Daniel was at the controls again. Cafoldi stood in the extreme bow, shading his eyes with an arm as he peered toward the water ahead. The Ahura had electronic depth-ranging equipment of the standard to be expected on a luxury yacht, but none of the navy men trusted it.

“Ease her right!” Cafoldi called. The Ahura rode a flat, crackling bubble of electricity. At this slow speed, the ozone which the system generated wasn’t blown astern. Adele’s nostrils wrinkled. “That’s it, just a cunt hair!”
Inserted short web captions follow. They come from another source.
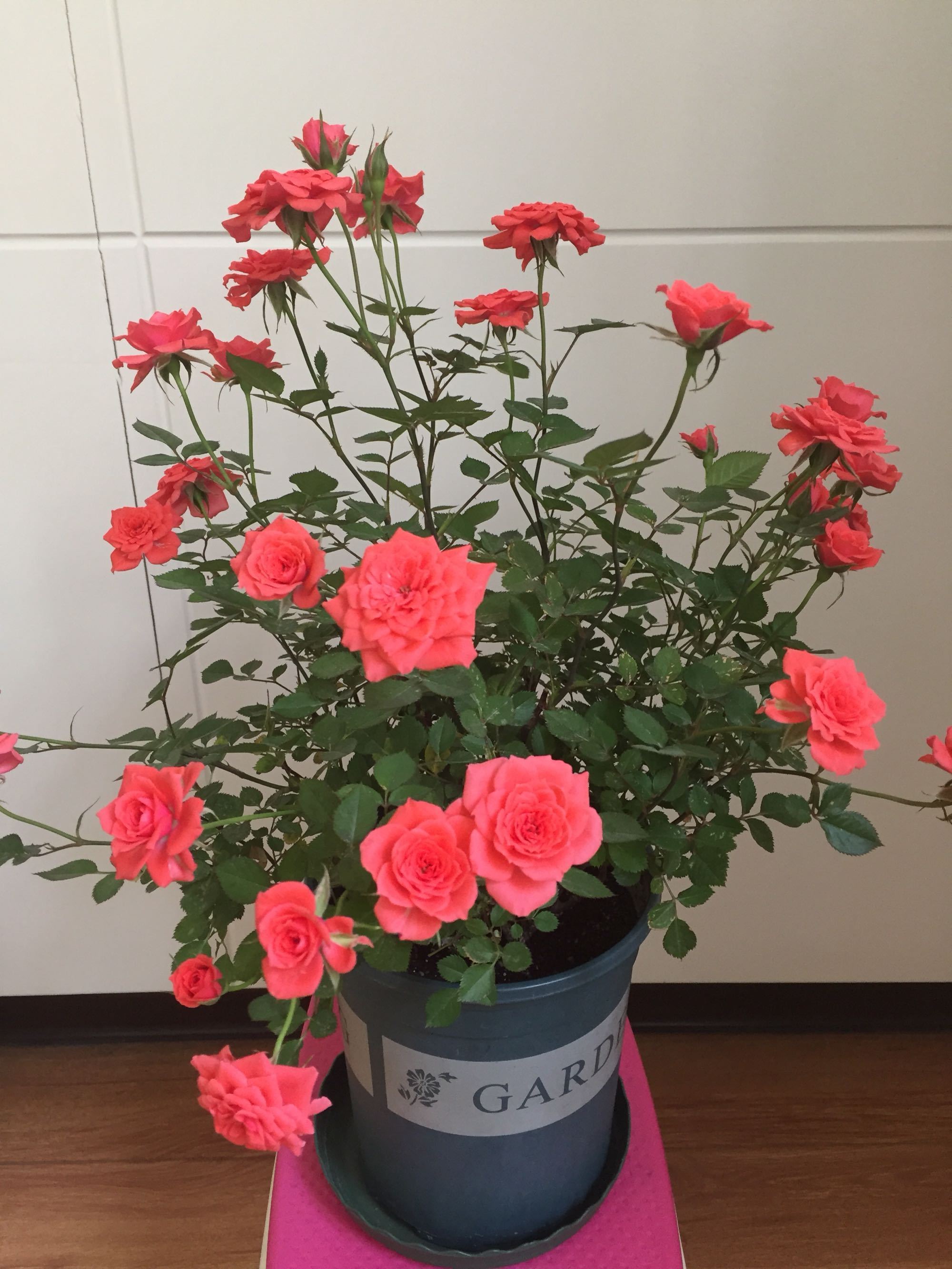 阳台养花选这款,全年开花,花多易爆盆,漂亮又好养,你值得拥有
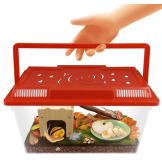 DOMEK DLA ŚLIMAKÓW zestaw naukowy do obserwacji mięczaków BUKI 6+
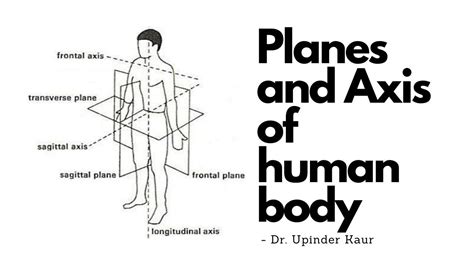 Planes And Axis In Human Body Youtube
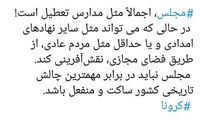 ضرغامی: مجلس هم مثل مدارس تعطیل است!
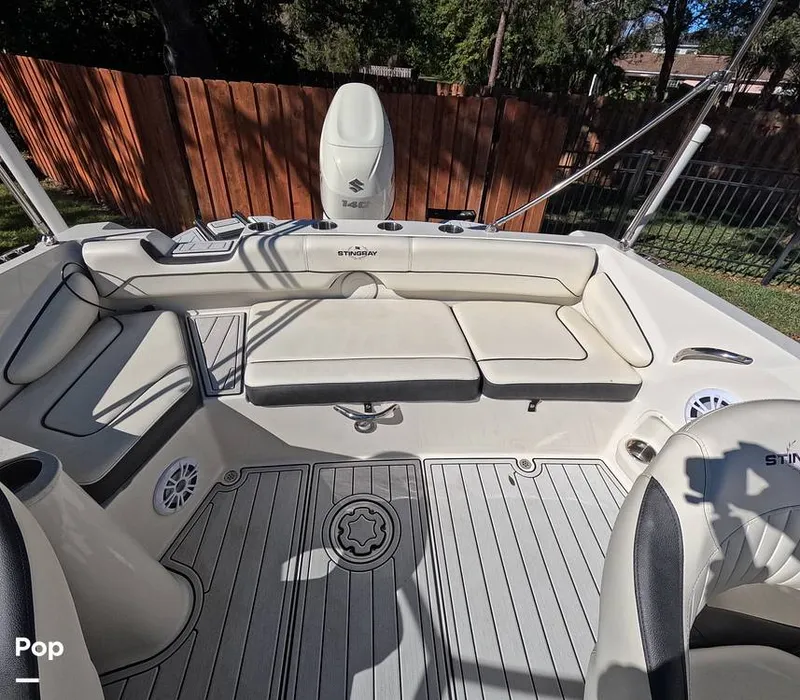 Slide: The Image of Stingray 201DS 2020 - 16188758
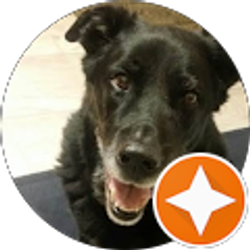 Profile photo of Vicky Nelson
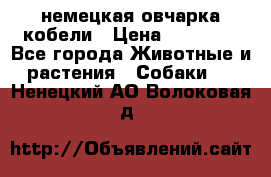 немецкая овчарка кобели › Цена ­ 25 000 - Все города Животные и растения » Собаки   . Ненецкий АО,Волоковая д.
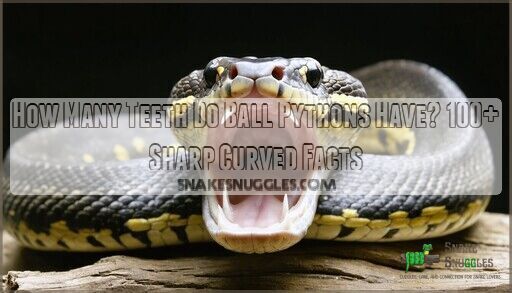 How Many Teeth Do Ball Pythons Have? 100+ Sharp Curved Facts
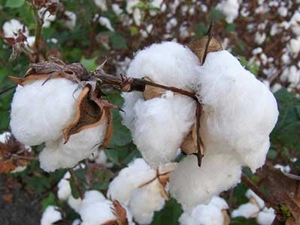 Güneydoğu da pamuk ekimi yüzde 75 azalabilir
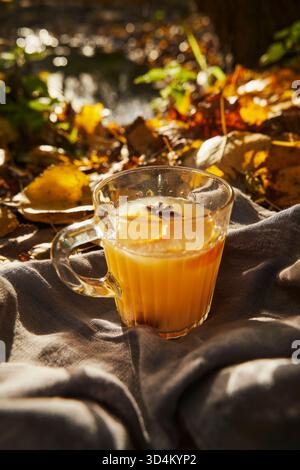 Sidro di mele caldo con fette arancioni e anice stellato su tessuto grigio all'aperto, autunno Foto Stock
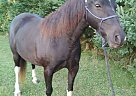 Kentucky Mountain - Horse for Sale in Plymouth, WI 53073 Kentucky Mountain - Horse for Sale in Plymouth, WI 53073
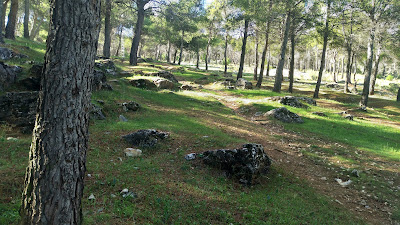 Merenderos Castillo Santa Catalina — fotografia 5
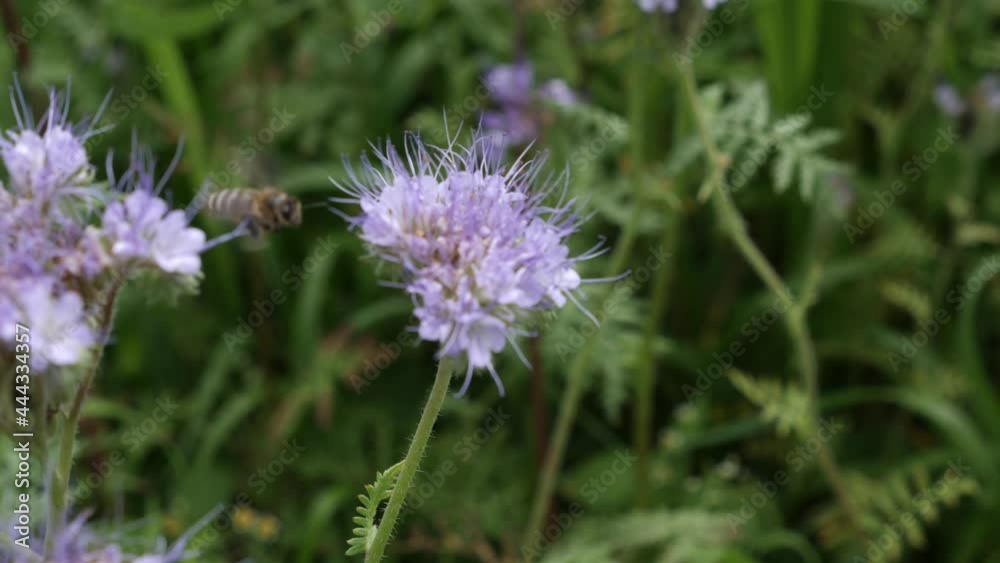 Bees collect honey from the flowers of the phacelia of a summer, sunny day. Honey production. Apiculture. Bees collect honey from the flowers of the phacelia of a summer, sunny day. Honey production. Apiculture.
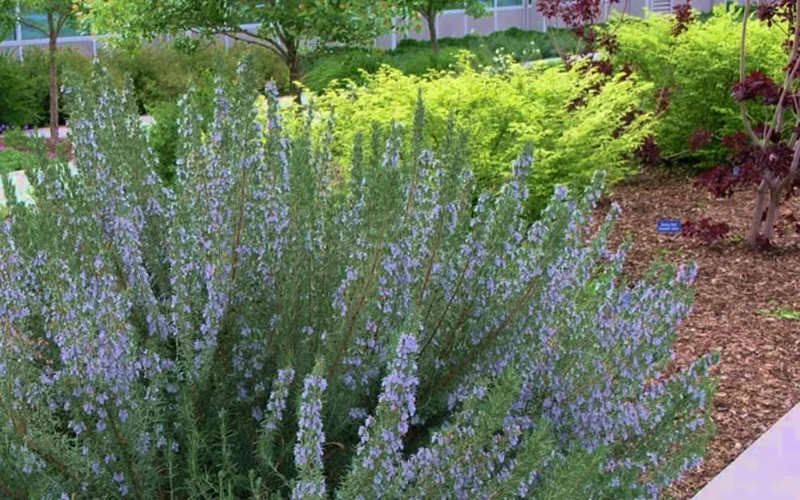 ARP Rosemary Live Plants – Set of 4 Starters – 2-5” Tall – Culinary Herb - Image 4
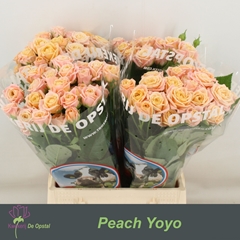 Rosa Spray Yo-Yo 35cm 2+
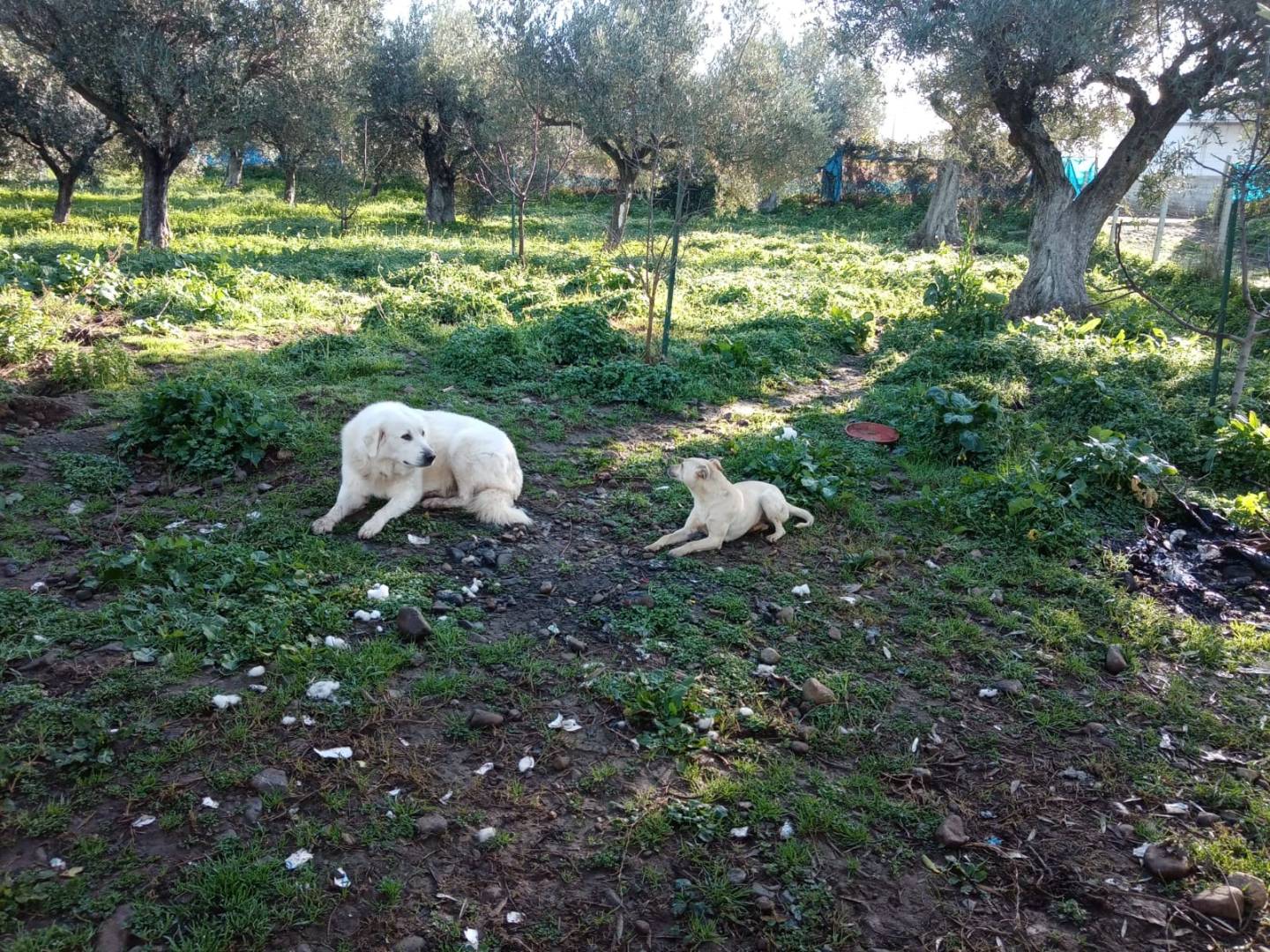 Adotta il cane TERRY a Vibo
Lamsoe stood at the automatic impeller, scanning the shore. Most of the sailors were armed and on deck, some of them aiming toward the vegetation. Adele wasn’t sure whether they were really concerned about a threat from the island or if they were just showing off with the armament they’d captured from Kostromans of various stripe. It seemed an empty exercise to her.

According to the satellite image, the atoll was comprised of a ring of eight islands connected by reefs. All Adele saw from the sea was a heavily overgrown hump against the lighter green of the water. Small birds flitted from the twisted shrubbery to the sea and back, dipping among the insects; their larger ocean-coursing brethren circled high overhead.

The Ahura glided toward the spill of tawny sand at the island’s left end. Still farther left, water frothed in the currents and occasionally showed the teeth of the coral which combed just below its surface. The next island of the chain was a quarter mile beyond, shimmering like a mirage in the sea haze and the noonday sun.

The Ahura’s static fields collapsed. She slid onto the beach, her hull grinding softly on the coral sand. Daniel threw switches in the cockpit, shutting down all the yacht’s driving systems.